Independent Chemical Corporation offers a wide range of surfactants for a variety of applications.  Surfactants, or surface-active agents, are a primary component of cleaning detergents and are found in many of the products we use in our daily lives.

Surfactants act to reduce tension at the surface or interface between two different phases or substances.  By stirring up activity on the surface, they help to trap dirt and remove it.  They are able to act in this way because they contain both a hydrophilic (water loving) group, such as an acid anion, and a hydrophobic (water hating) group, such as an alkyl chain. Molecules of water tend to congregate near the former and molecules of the water-insoluble material congregate near the latter.  Surfactants can also act as a medium between oil and water, making them ideal as detergents, dispersants, emulsifiers, and biocides. 

When there is a sufficient concentration of surfactant molecules in a solution, these molecules combine together to form structures called micelles.  As micelles form, the surfactant heads position themselves so that they are exposed to water, while the tails are positioned in the center of the structure where they are protected from water.  The micelles work as a unit to remove soils and debris.  The hydrophobic tails are attracted to soils and surround them, while the hydrophilic heads pull the now surrounded soils off of the surface and into the solution.  The micelles then reform with the tails suspending the soil in the center of the structure. 

The hydrophilic head of each surfactant is electrically charged.  The charge can be negative, positive, or neutral, and based on the charge a surfactant can be anionic, nonionic, cationic, or amphoteric.  These four categories are summarized as follows:

  • Anionic: negative charge at the hydrophilic head
  • Nonionic: no charge at the hydrophilic head
  • Cationic: positive charge at the hydrophilic head
  • Amphoteric: both positive and negative charges at the hydrophilic head

Anionic surfactants are frequently used in soaps and detergents because they are able to attack a broad range of soils.  They create a lot of foam when mixed, and are excellent at lifting and suspending particulate soils, but are not as good at emulsifying oily soils.  Sulfates, sulfonates, and gluconates are all examples of anionic surfactants. 

Nonionic surfactants are very good at emulsifying oils and are better than anionic surfactants at removing organic soils.  Nonionic and anionic surfactants are sometimes used together in order to create dual-action multipurpose cleaners.  Certain nonionic surfactants are non-foaming or low-foaming, making them a good choice for low-foaming detergents.  Ethoxylates, alkoxylates, and coamides are examples of nonionic surfactants.

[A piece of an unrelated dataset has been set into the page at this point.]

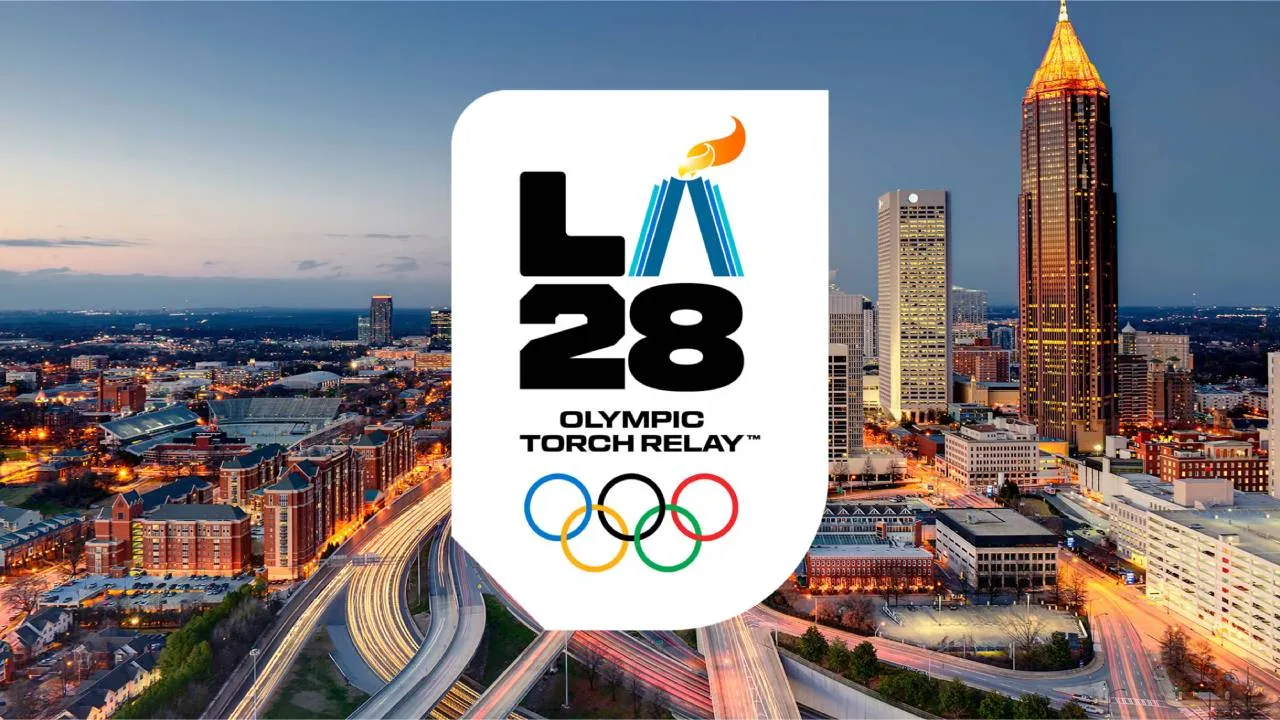 Setelah dinyalakan di Olympia, Yunani, api akan dibawa menuju Amerika Serikat untuk memulai perjalanan mengelilingi negara tersebut pada musim semi 2028. (Foto: AP)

Cationic surfactants are useful in anti-static products such as fabric softeners, and can also serve as antimicrobial agents in disinfectants.  They are not compatible with anionic surfactants since mixing positively charged with negatively charged surfactants will cause them to fall out of solution and no longer be effective.   Cationic and nonionic surfactants are compatible.  Alkyl ammonium chlorides are anionic surfactants.

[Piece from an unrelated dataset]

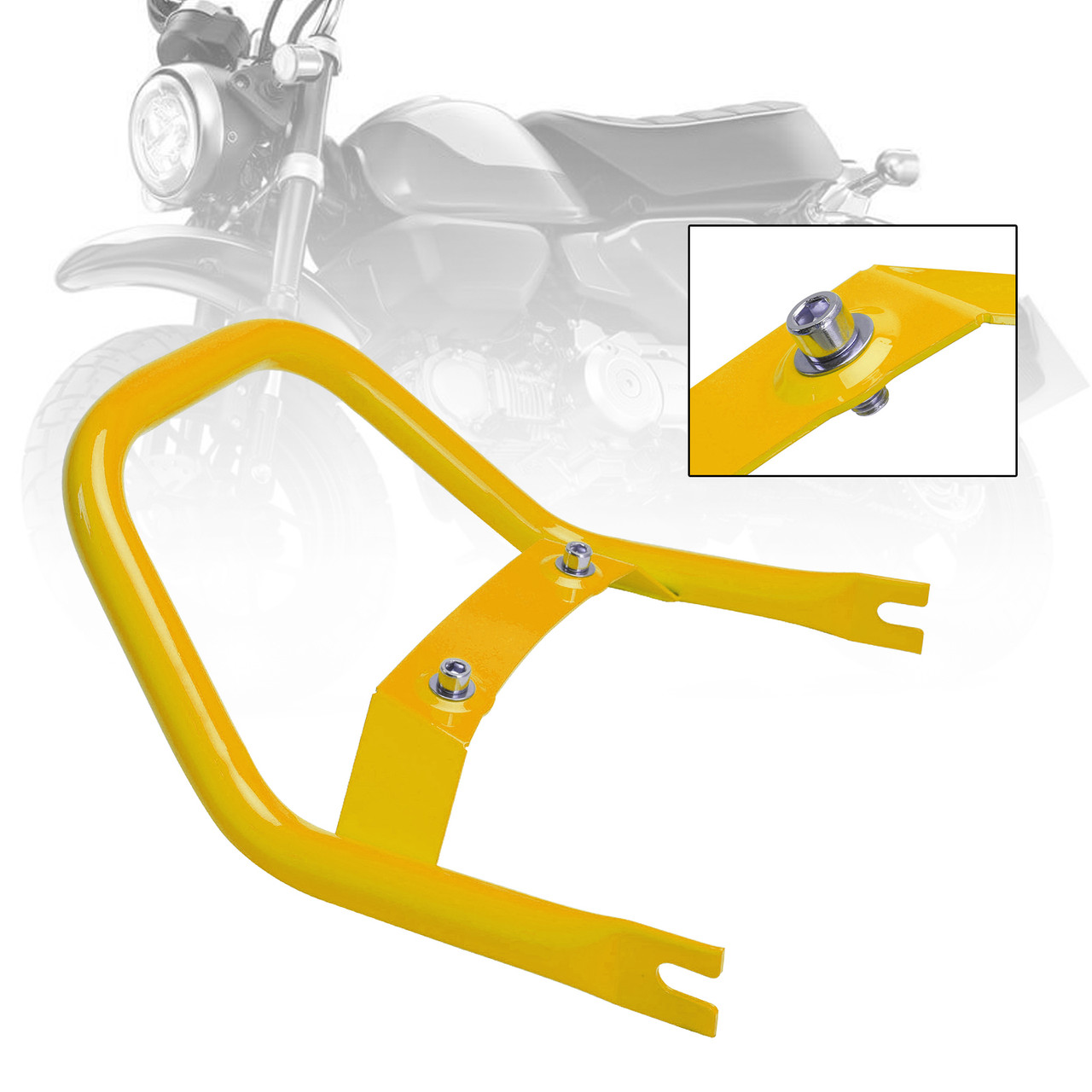 2018-2024 HONDA Monkey 125 Set Passenger Armrest Yellow Generic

Amphoteric surfactants’ dual charges cancel each other out creating a net zero charge, referred to as zwitterionic.  In acidic solutions, amphoteric surfactants become positively charged and behave similarly to cationic surfactants, while in alkaline solutions they become negatively charged and behave similarly to anionic surfactants.  Amphoteric surfactants are often used in shampoos and cosmetics.  Betaines and amino oxides are examples of amphoteric surfactants.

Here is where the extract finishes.